WORK ORDER: In the entries below, find the line with "JFL - Jewellery" and the line with "BOSS Orange Sewalk". Print those two and everything between them exactly, and nothing else.

THE RECORDS:
━━━━━━━━

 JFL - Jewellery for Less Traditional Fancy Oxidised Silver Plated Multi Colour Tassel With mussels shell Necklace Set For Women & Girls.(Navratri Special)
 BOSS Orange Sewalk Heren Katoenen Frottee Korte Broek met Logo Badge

━━━━━━━━

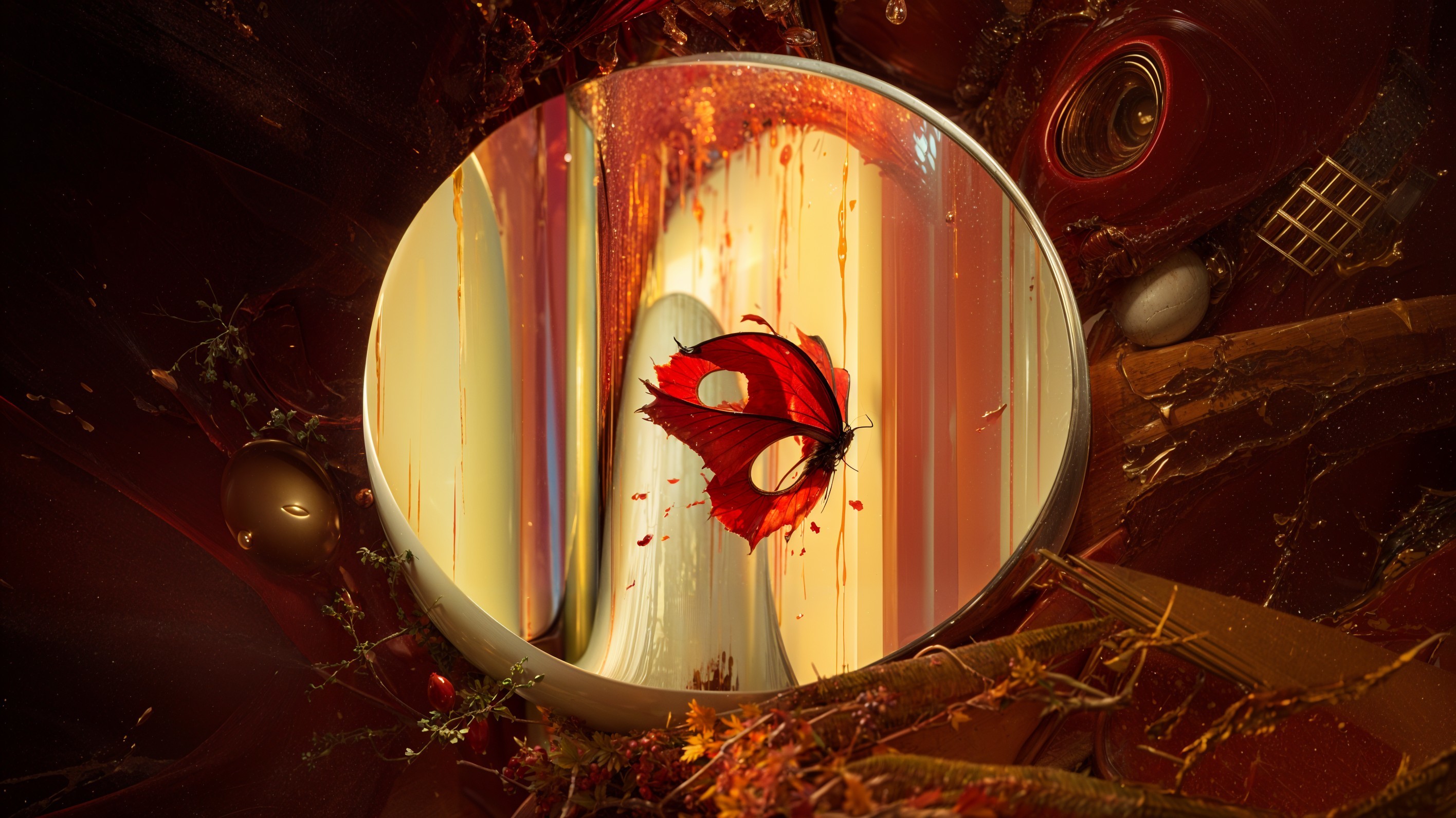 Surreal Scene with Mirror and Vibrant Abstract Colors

━━━━━━━━

RESPONSE TO THIS EXERCISE:
 JFL - Jewellery for Less Traditional Fancy Oxidised Silver Plated Multi Colour Tassel With mussels shell Necklace Set For Women & Girls.(Navratri Special)
 BOSS Orange Sewalk Heren Katoenen Frottee Korte Broek met Logo Badge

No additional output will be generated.